ACS Data Users Group

 View Only
  • 1.  Using Stata svyset command with ACS PUMS

    Posted 10-26-2017 10:24 AM

    Hi. I'm preparing to run a probit regression in Stata using ACS PUMS data.

    Does anyone have experience using the Stata svyset command (or, more generally, specifying relevant survey design factors in a statistical analysis program) with PUMS files?

    The following is suggested for Current Population Survey analyses (see https://www.stata.com/statalist/archive/2008-04/msg00444.html), which uses state (gestcen) and consolidated statistical area (gtcsa) variables.

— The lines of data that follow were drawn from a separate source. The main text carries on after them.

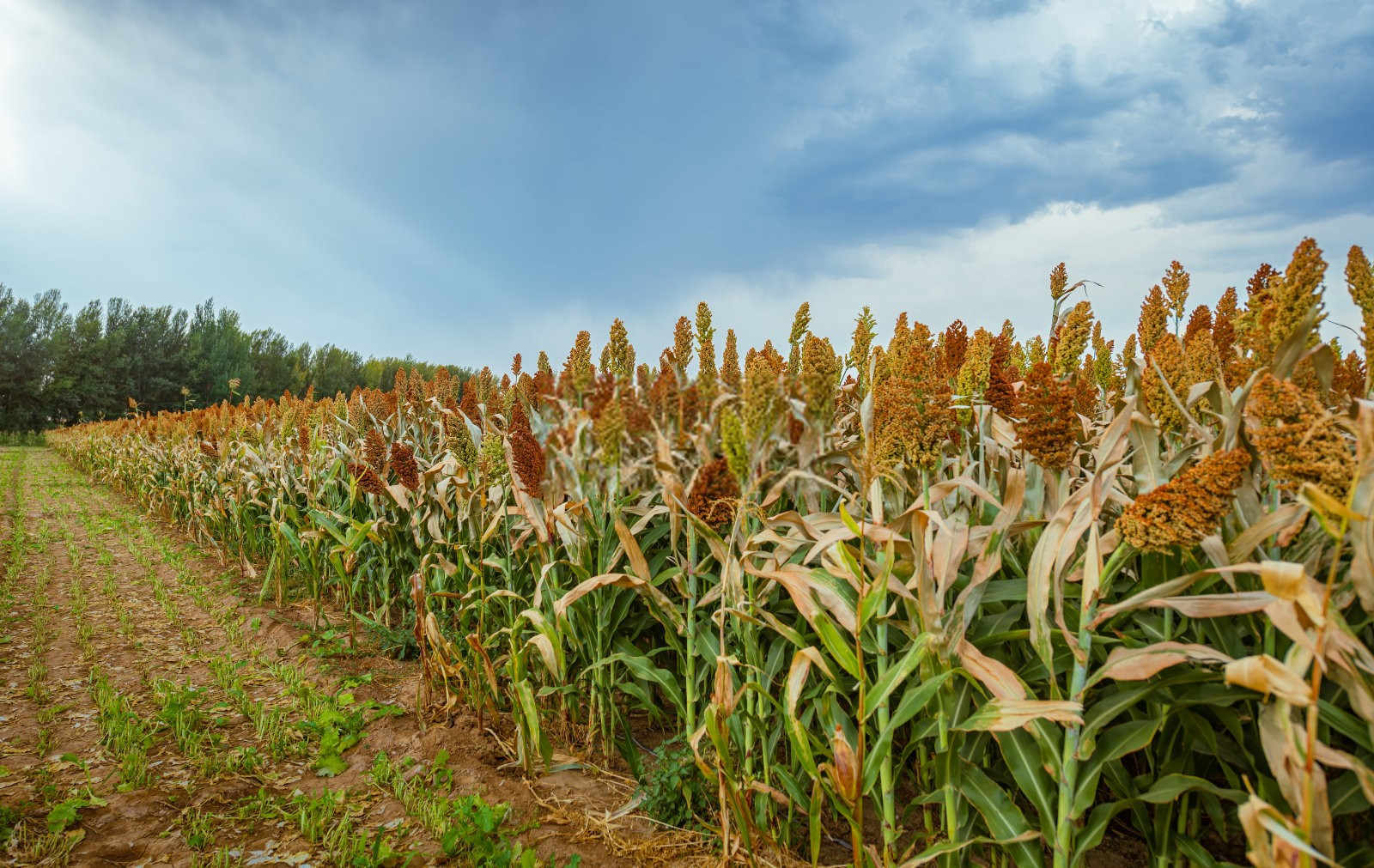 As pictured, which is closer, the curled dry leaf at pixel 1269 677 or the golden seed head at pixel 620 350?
the curled dry leaf at pixel 1269 677

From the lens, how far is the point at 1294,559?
1.48 meters

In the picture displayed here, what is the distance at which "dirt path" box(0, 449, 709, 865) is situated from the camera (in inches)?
92.4

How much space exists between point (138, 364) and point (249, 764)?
58529 mm

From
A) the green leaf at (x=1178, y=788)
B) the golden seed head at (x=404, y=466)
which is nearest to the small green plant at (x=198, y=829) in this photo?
the golden seed head at (x=404, y=466)

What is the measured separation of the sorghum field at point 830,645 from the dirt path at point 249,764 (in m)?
0.02

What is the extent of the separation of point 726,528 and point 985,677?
3.59 feet

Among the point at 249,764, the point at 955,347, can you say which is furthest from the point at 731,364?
the point at 249,764

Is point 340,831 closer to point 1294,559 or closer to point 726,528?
point 726,528

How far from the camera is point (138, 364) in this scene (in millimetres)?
47500

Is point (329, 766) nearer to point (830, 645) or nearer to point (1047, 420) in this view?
point (830, 645)

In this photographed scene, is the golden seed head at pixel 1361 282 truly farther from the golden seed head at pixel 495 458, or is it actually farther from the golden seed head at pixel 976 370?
the golden seed head at pixel 495 458

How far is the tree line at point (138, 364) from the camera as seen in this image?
4178cm

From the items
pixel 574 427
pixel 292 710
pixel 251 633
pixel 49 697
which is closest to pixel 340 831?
pixel 292 710

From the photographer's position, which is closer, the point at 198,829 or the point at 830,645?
the point at 830,645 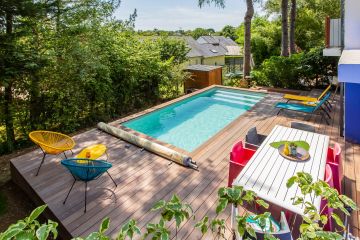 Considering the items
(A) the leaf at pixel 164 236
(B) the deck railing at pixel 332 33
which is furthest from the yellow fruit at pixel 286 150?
(B) the deck railing at pixel 332 33

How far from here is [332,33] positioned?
31.1 feet

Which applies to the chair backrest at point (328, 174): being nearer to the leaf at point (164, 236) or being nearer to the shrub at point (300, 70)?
the leaf at point (164, 236)

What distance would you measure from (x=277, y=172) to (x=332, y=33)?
316 inches

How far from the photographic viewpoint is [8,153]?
839cm

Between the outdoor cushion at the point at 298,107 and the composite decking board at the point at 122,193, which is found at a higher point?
the outdoor cushion at the point at 298,107

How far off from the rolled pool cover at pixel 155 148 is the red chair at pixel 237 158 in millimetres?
1412

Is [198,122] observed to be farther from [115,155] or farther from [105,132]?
[115,155]

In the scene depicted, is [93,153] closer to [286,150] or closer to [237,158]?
[237,158]

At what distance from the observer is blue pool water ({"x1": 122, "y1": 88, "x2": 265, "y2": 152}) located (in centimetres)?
984

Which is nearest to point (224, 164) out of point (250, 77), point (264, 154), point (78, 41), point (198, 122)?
point (264, 154)

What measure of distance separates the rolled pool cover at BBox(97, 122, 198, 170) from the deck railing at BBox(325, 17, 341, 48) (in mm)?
7520

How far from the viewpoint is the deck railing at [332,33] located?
30.7 feet

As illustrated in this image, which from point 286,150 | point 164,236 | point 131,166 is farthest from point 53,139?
point 164,236

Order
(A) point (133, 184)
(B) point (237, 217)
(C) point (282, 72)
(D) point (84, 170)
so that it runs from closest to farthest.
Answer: (B) point (237, 217) → (D) point (84, 170) → (A) point (133, 184) → (C) point (282, 72) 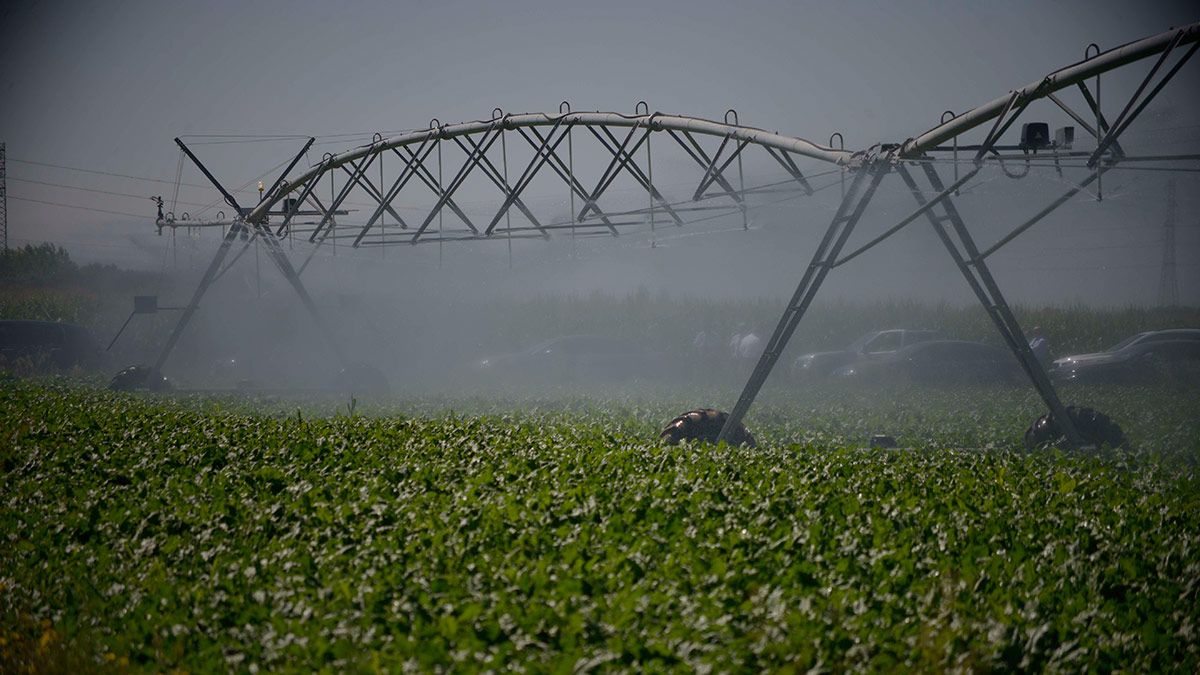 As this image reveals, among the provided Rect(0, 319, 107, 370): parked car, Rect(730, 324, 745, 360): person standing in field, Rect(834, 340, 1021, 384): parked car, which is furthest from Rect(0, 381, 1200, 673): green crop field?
Rect(0, 319, 107, 370): parked car

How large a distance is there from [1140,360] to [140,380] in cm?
2045

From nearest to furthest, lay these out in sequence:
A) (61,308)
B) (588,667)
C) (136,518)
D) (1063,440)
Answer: (588,667), (136,518), (1063,440), (61,308)

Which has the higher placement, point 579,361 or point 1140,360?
point 1140,360

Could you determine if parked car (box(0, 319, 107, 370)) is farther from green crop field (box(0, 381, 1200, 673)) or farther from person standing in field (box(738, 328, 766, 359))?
green crop field (box(0, 381, 1200, 673))

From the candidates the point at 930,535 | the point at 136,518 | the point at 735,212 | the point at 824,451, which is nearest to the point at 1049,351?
the point at 735,212

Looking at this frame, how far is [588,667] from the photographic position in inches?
188

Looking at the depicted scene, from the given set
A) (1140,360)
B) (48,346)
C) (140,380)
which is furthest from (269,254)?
(1140,360)

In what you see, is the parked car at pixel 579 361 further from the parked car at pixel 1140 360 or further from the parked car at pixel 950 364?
the parked car at pixel 1140 360

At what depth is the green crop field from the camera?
516 cm

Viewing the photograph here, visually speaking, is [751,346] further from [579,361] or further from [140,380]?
[140,380]

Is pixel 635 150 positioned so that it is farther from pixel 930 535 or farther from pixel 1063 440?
pixel 930 535

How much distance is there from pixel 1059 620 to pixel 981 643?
775 mm

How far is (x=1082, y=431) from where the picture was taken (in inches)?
535

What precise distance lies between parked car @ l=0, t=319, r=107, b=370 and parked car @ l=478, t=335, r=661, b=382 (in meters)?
11.3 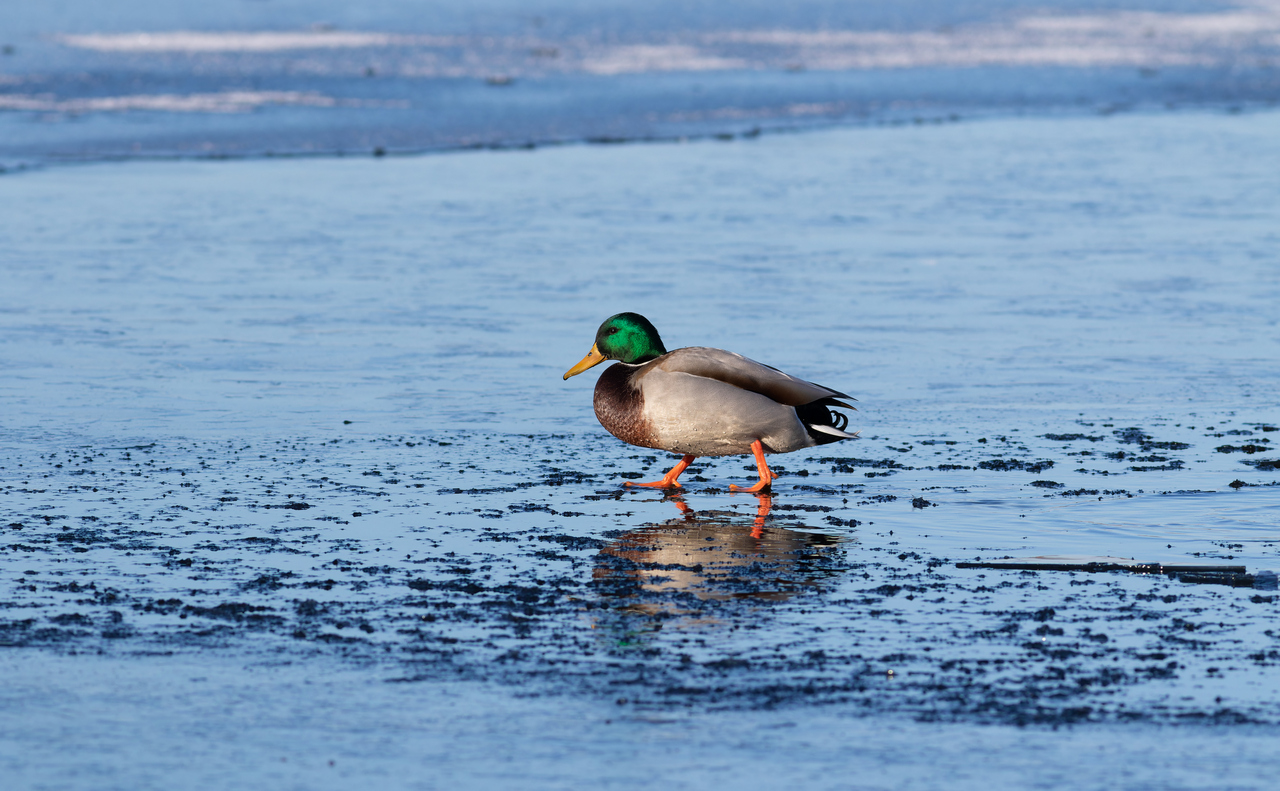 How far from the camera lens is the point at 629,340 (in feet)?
23.7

    egen psu=group(gestcen gtcsa) svyset [pw=mars], strat(gestcen) psu(psu)

    Does anyone have an analogous specification for PUMS?




  • 2.  RE: Using Stata svyset command with ACS PUMS

    Posted 10-27-2017 04:30 AM

    Hi Michele,

    I've used the Stata svy commands to analyze survey data (CPS, SIPP, NHIS). The first step is to svyset the data so Stata knows the sample design.

    svyset [pw=wgtp], sdr(wgtp1 - wgtp80) vce(sdr) mse

    (This example uses the single year 2010 PUMS dataset, ss10hak. The weights used are household-level weights.)

    After svysetting the data, you run the command using the svy: prefix, which passes along the options you defined above. Stata will execute this command using the full-sample weights and again for each set of replicate weights. There are two important things to note:

    (1) Not all Stata commands can be run with the svy: prefix.

    (2) If you want to limit your replicate analyses to a subset of the sample (for example, all persons aged 25-64 or all African Americans), you should not use if or in. Instead, use the subpop() option before the colon, as in

    . gen byte age25_64 = age>=25 & age<=64
    . svy, subpop(age25_64): command

    • Note that you must first define the subpopulation with a dichotomous variable coded 0 for all cases that should be excluded from the analysis.

    Here a some additional resources that may be helpful:

    https://www.stata.com/manuals13/svysvyestimation.pdf

    https://www.stata.com/manuals13/svysvysdr.pdf

    https://usa.ipums.org/usa/repwt.shtml

    http://www.cpc.unc.edu/research/tools/data_analysis/statatutorial/sample_surveys/svy_commands/

    https://stats.idre.ucla.edu/other/mult-pkg/faq/sample-setups-for-commonly-used-survey-data-sets/



  • 3.  RE: Using Stata svyset command with ACS PUMS

    Posted 10-27-2017 06:15 AM

    Applying Occam's razor to the -subpop- option, you can just as well run

    svy, subpop( if inrange(age,25,64) ): command



  • 4.  RE: Using Stata svyset command with ACS PUMS

    Posted 10-27-2017 06:19 AM
    Also, I believe you can get versions of the ACS data off IPUMS that have strata and cluster/PSU variables. It is easier to deal with these -- or at least the commands run faster. I have not compared the standard errors produced one way vs. the other, but I would not expect to see huge differences.


  • 5.  RE: Using Stata svyset command with ACS PUMS

    Posted 10-27-2017 08:30 AM
    Hi Amanda,

    Thanks so much! This is exactly what I needed.

    Michele


  • 6.  RE: Using Stata svyset command with ACS PUMS

    Posted 10-27-2017 07:29 AM
    Hi Stas,

    Thank you very much! This is extremely helpful. I'm grateful for your assistance.

    Michele